* _Exercise objective_
Copy verbatim the block of lines in the entries below whose first line contains "Tipula paludosa" and whose last line contains "1067 Red Canyon Trail Durango CO 81301". Leave out all other lines.

* _Entries shown_
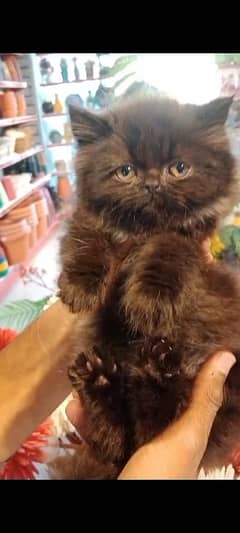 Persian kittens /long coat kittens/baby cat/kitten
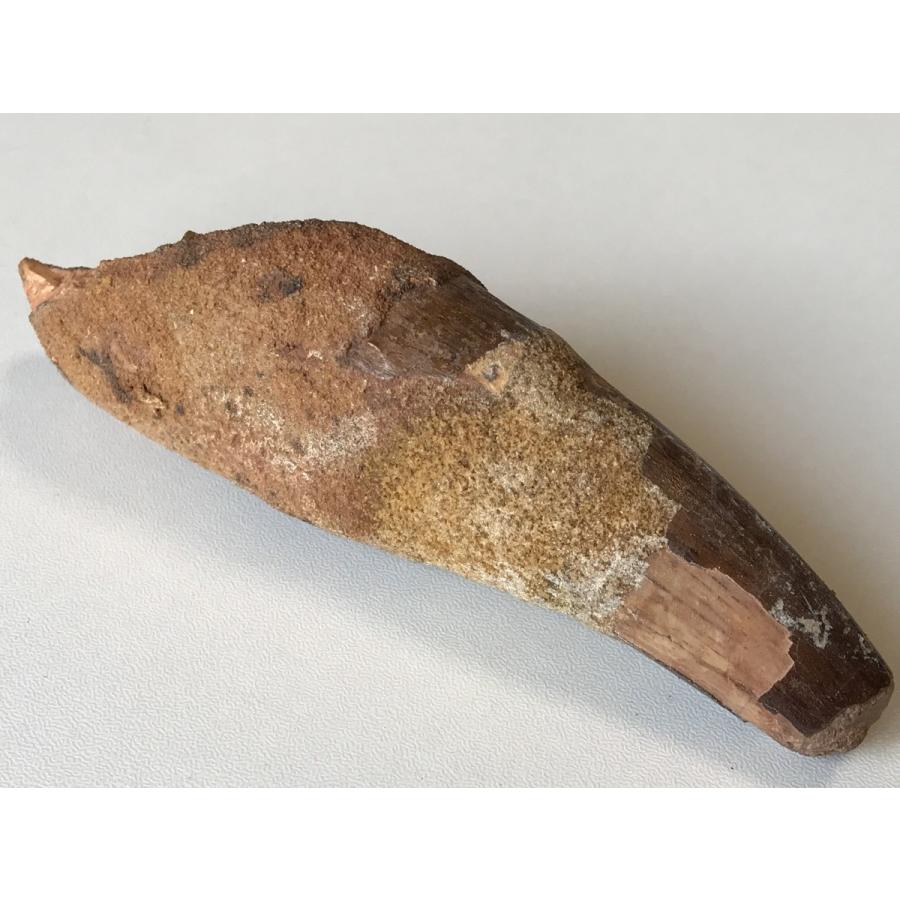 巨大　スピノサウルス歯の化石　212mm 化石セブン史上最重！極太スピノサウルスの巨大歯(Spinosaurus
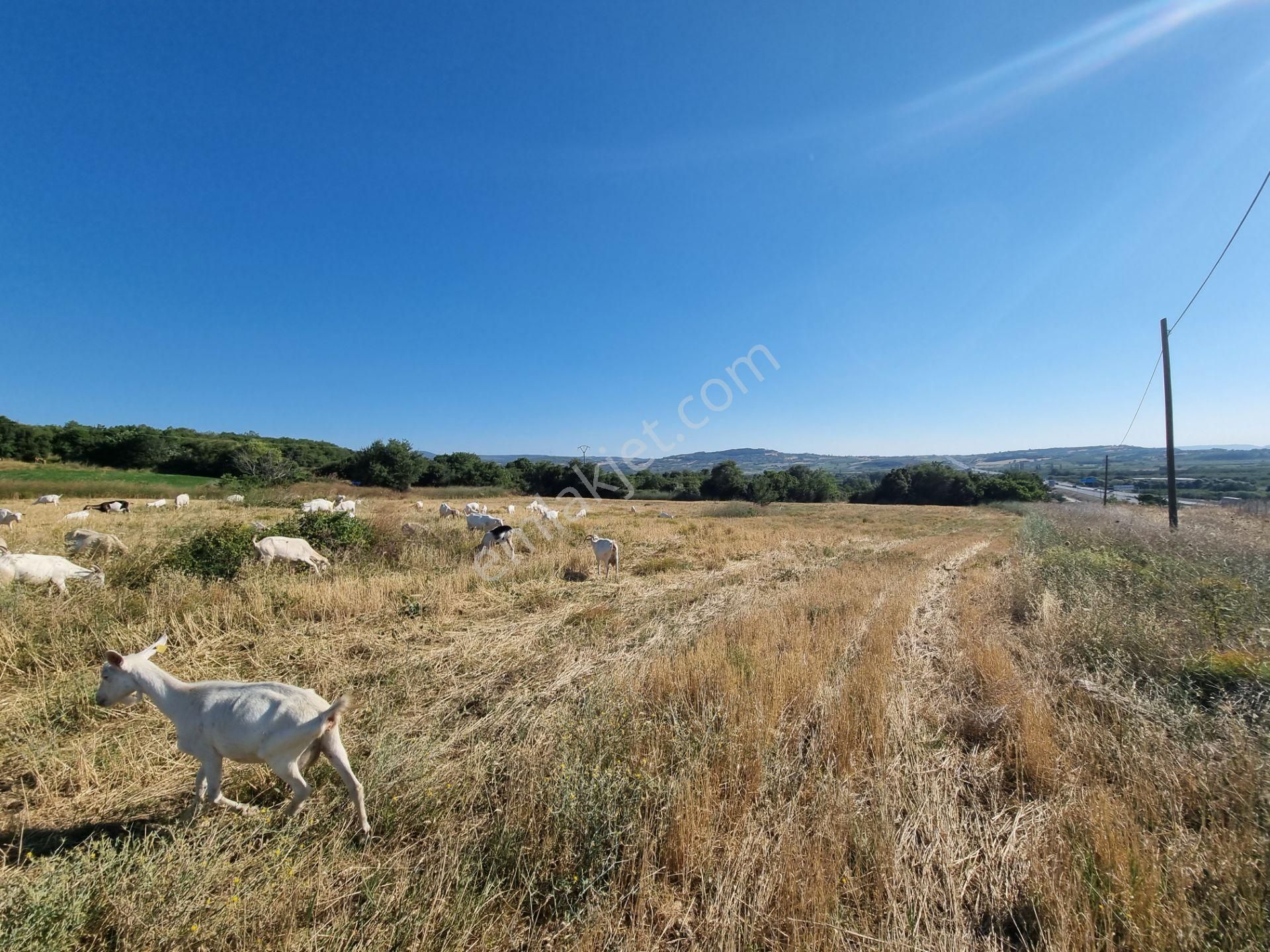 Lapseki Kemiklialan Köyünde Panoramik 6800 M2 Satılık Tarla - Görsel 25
* * *
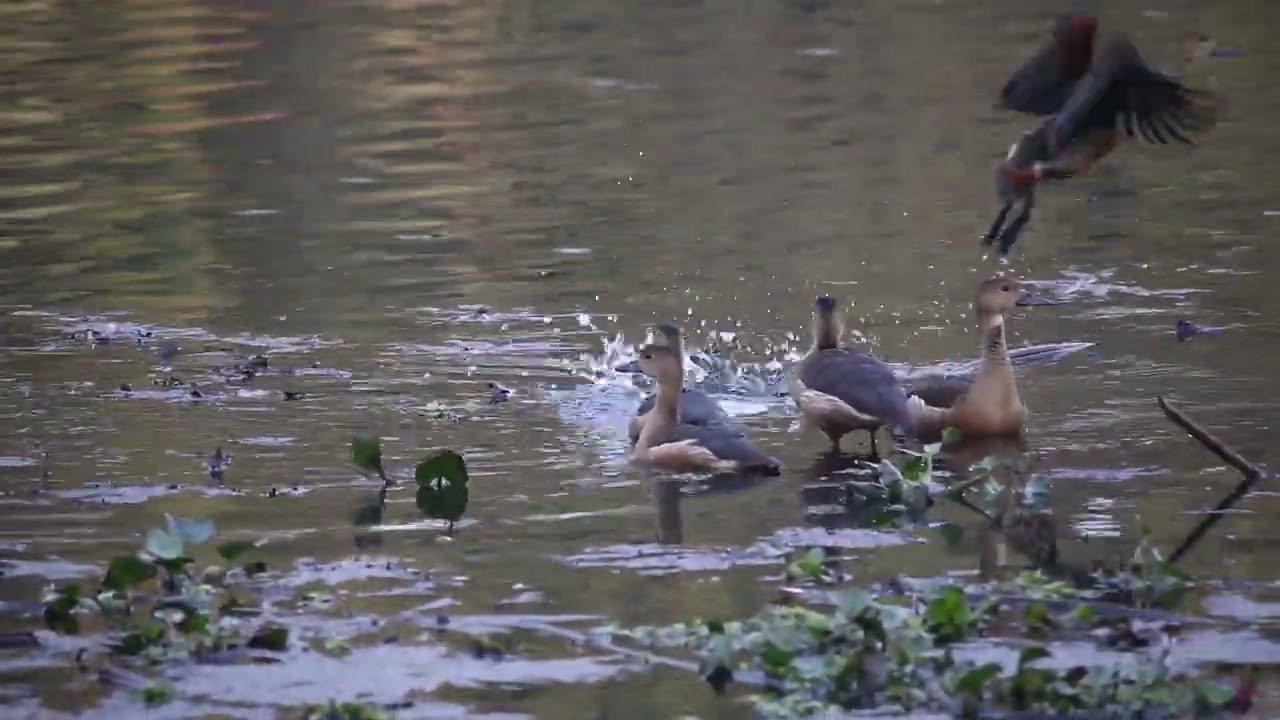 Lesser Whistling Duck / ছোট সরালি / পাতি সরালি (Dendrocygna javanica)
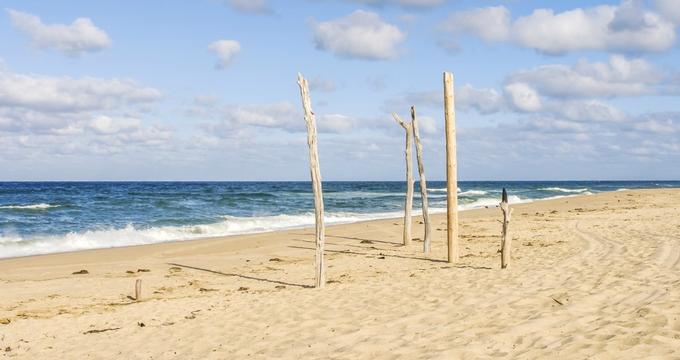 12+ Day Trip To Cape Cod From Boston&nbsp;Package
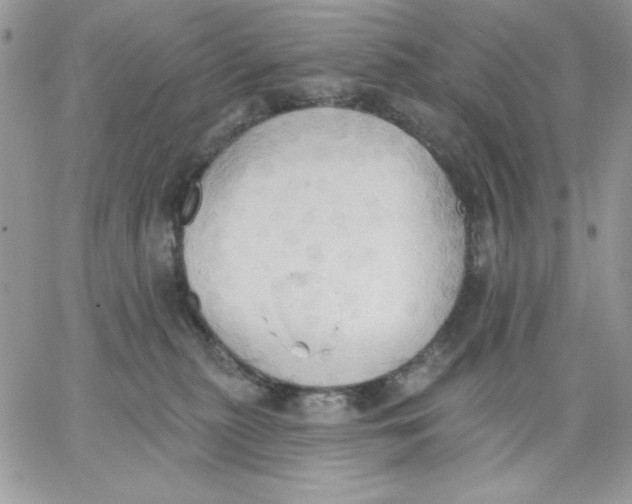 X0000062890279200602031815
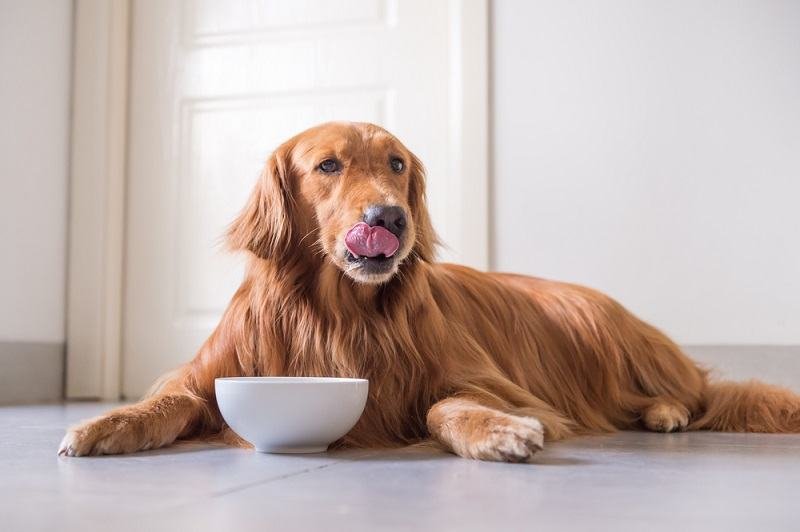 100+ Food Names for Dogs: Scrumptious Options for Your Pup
==
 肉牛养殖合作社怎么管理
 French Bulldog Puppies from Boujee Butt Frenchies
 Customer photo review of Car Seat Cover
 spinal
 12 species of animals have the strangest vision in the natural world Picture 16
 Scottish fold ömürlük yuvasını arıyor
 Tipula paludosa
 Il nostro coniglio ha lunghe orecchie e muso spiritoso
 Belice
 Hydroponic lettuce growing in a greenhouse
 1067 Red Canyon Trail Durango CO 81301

* _Response for this exercise_
 Tipula paludosa
 Il nostro coniglio ha lunghe orecchie e muso spiritoso
 Belice
 Hydroponic lettuce growing in a greenhouse
 1067 Red Canyon Trail Durango CO 81301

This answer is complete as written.